Three women: one who believes she has found her long lost daughter, one terrified she’s about to lose her child, and one determined to understand who she truly is.

Stella Widstrand is a psychotherapist, a happily married mother to a thirteen-year-old son. But when a young woman named Isabelle steps into her clinic to begin therapy, Stella’s placid life begins to crumble. She is convinced that Isabelle is her daughter, Alice. The baby that tragically disappeared more than twenty years ago on a beach during a family vacation. Alice is believed to have drowned, but her body was never found. Stella has always believed that Alice is alive, somewhere–but everyone around her worries she’s delusional. Could this be Alice?
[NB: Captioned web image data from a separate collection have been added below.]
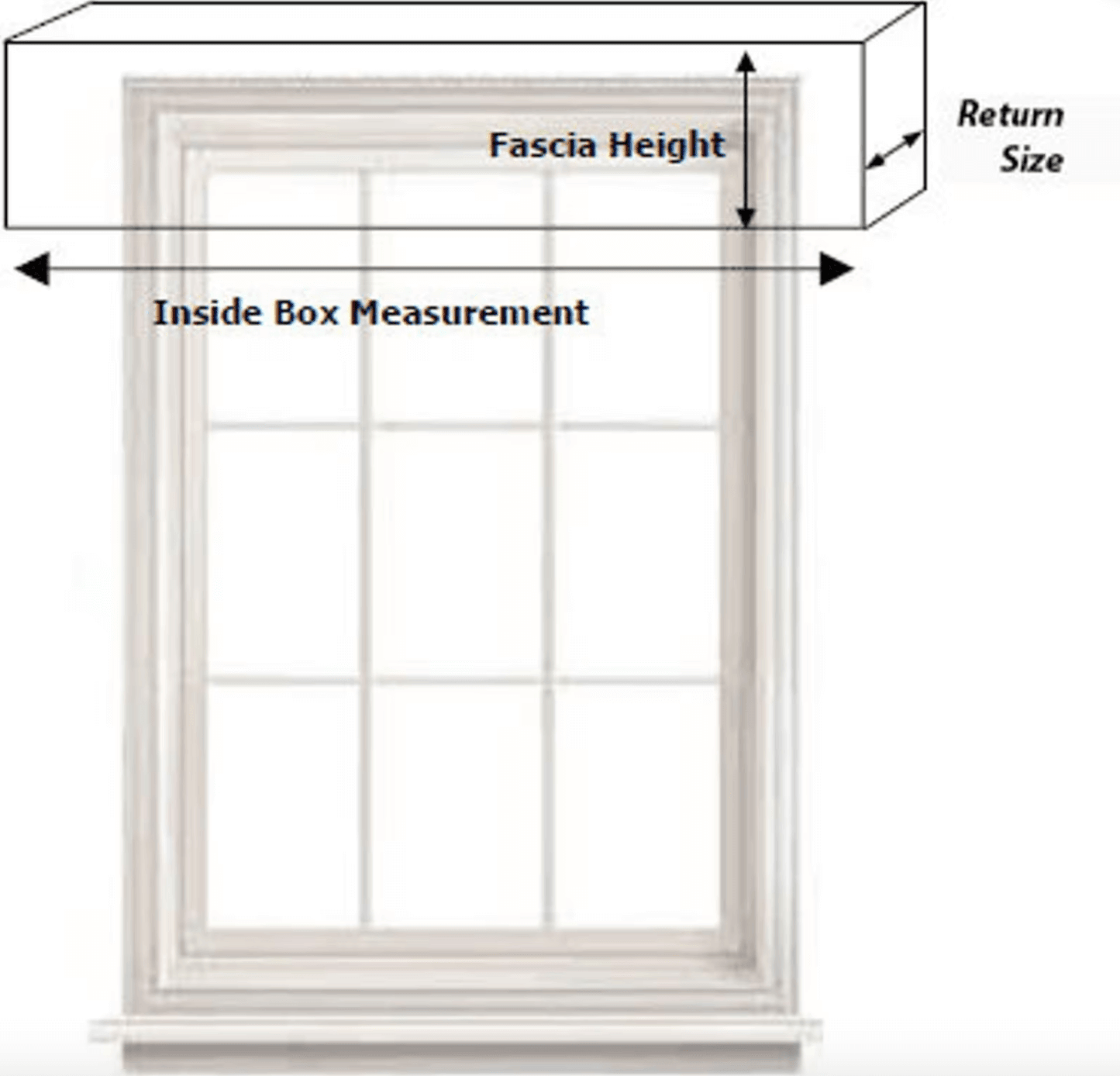 Hanover Pelmet — Valance Box, Custom Size
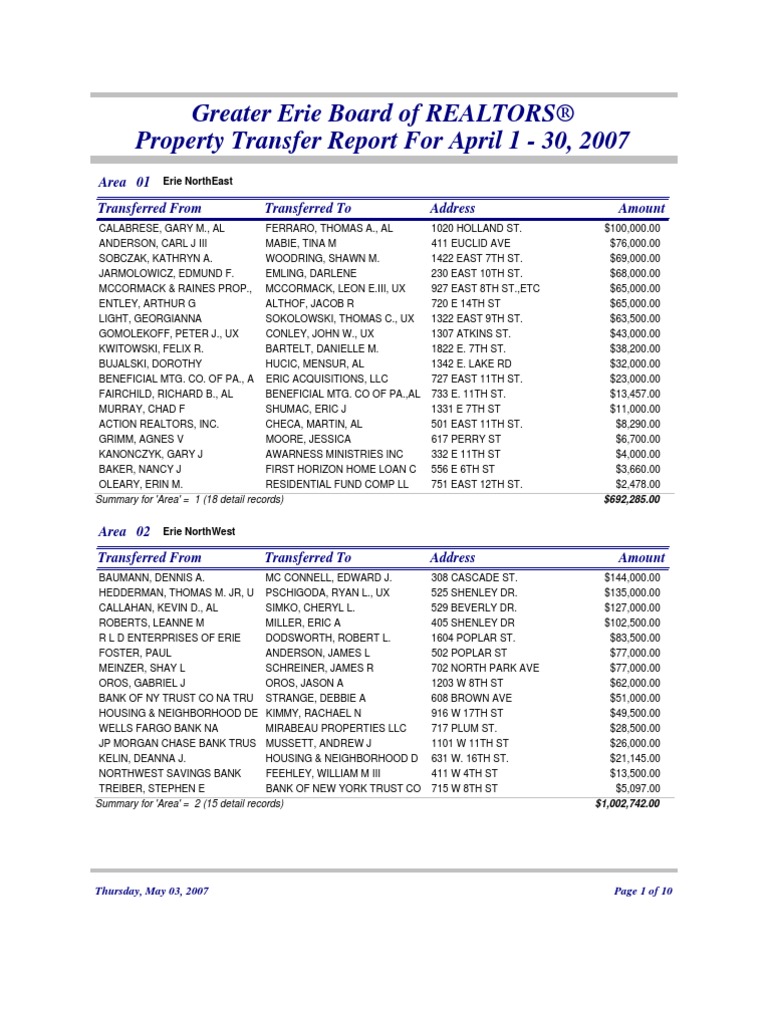 Erie County PA Property Transfers April 2007 PDF Companies Of The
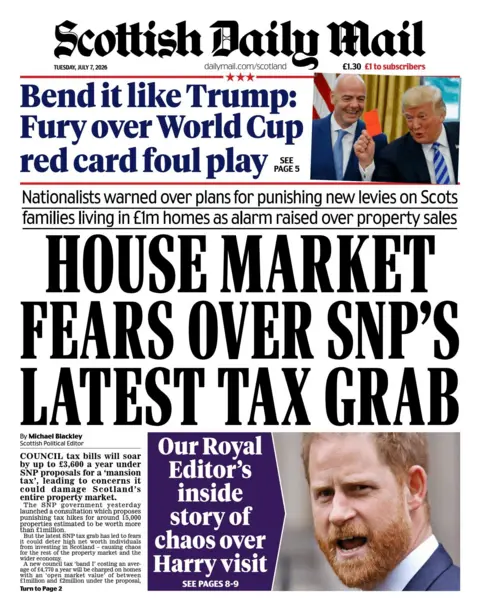 Daily Mail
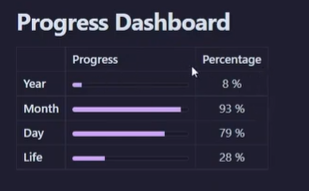 Life progress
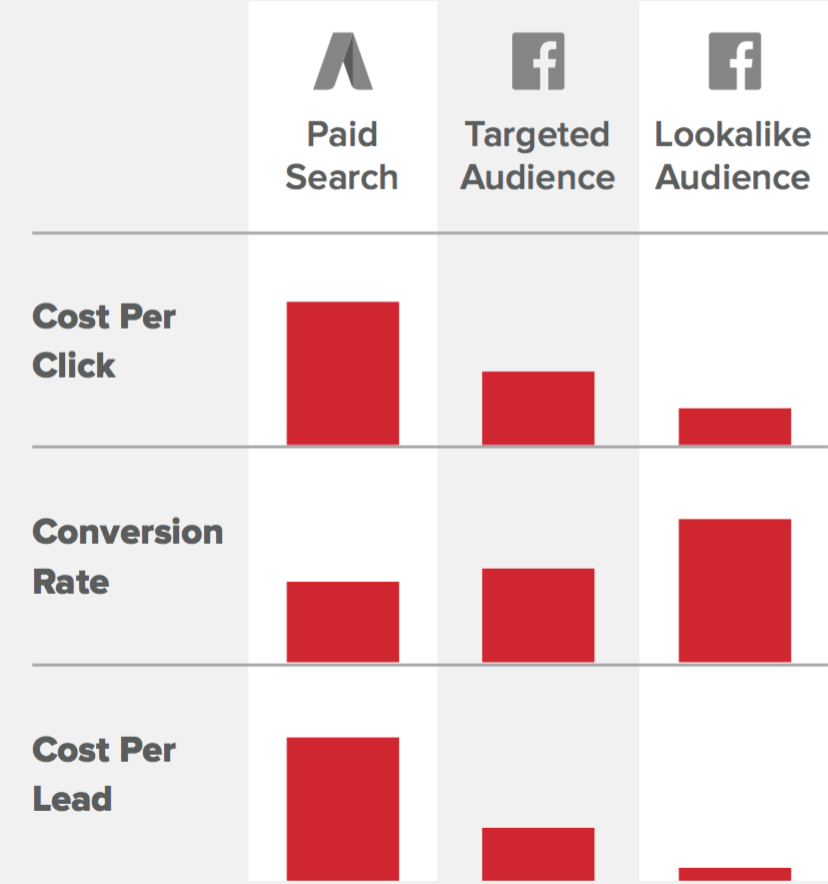 Facebook Ads Cost (AdWords vs Facebook) | Disruptive Advertising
Stella will risk everything to answer that question, but in doing so she will set in motion a sequence of events beyond her control, endangering herself and everyone she loves.


MY REVIEW

Twenty years ago, Stella’s baby went missing while on a family vacation. Stella believed someone took her child, but the authorities in the case determined that the baby likely got too close to the ocean and drowned. Despite no body being found, the baby, Alice, was declared dead. However, Stella has continued to believe her child to be out there somewhere. Stella is now a therapist, and her new patient, Isabelle, bears a striking resemblance to what she imagines her daughter would look like.

Tell Me You’re Mine is told with alternating points of view, both Stella and Isabella’s stories are presented. Stella seems to be doing well with her therapy practice, she is happily married, and has a teenage son. She has always thought her daughter to be alive, and has suffered with issues related to that. Isabelle is a young woman in college. She has a roommate, friends, a love interest, and an overbearing mother she is trying to distance herself from.

A slow building story with a somewhat unreliable narrator. Stella believes she has found her missing daughter, but other events are making her seem unstable and paranoid. Isabelle has questions about her past, but is mainly focused on gaining her independence.

Tell Me You’re Mine is translated from Swedish. For me, this book was a little hard to follow. I don’t know if it was the translation that failed to pull me in, or if it was the ARC version I read. The ARC formatting, or rather lack of formatting, made it hard to follow the multiple viewpoints presented. Obviously, this will not be an issue in the published version.

Tell Me You’re Mine dark psychological thriller. Complex, twisty, and suspenseful.

I received a digital copy of this book from the publisher via Edelweiss in exchange for an honest review.